# Question about selling homemade beauty products



## blynn (Oct 16, 2006)

Hi all- I was wondering if any of you have any experiance in selling homemade lip balms or body butters, things like that. I have been experimenting with recipes and came up with a nice lipbalm than can be made with different essential oils, also a nice lavender body salve for dry, cracked skin. 
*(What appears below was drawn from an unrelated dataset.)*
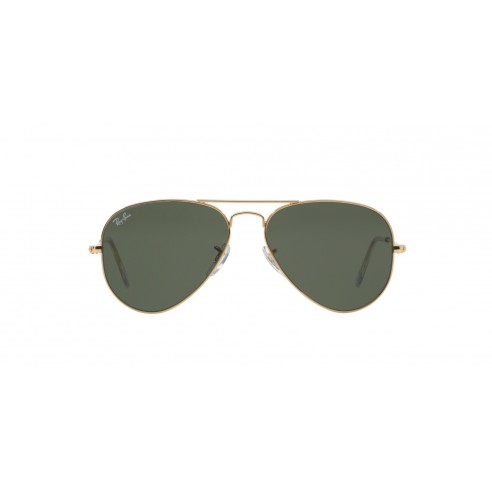 Gafas de sol unisex Ray Ban RB3025 W3234 - Calibre mediano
I was wondering if there are certain regulations for making cosmetics in the home. My town has a couple different festivals and I was considering setting up a table at those, seeing how that goes. I was also thinking of setting up an Etsy account. What licensing/legal issues have you come across, if any?


----------



## fransean (Dec 21, 2002)

It has been a few years since I sold these type of products but I know that you have to make sure to be careful and accurate in your ingredient labeling. Every ingredient must be listed on the label and you can't make any untested claims on the product.
You should also have liability insurance just in case someone has a reaction to one of your products. I wish I could remember the name of the company that I used to have a policy with but it has been a few years 
You might want to consider cross posting this in the soapmaking section as that is where you are likely to get more information from others actually selling.


----------



## RiverPines (Dec 12, 2006)

I was going to do that until I researched our states and fed regulations! Health codes are extreme. Anything that goes in or on the human body is regulated on both fed and state levels.


----------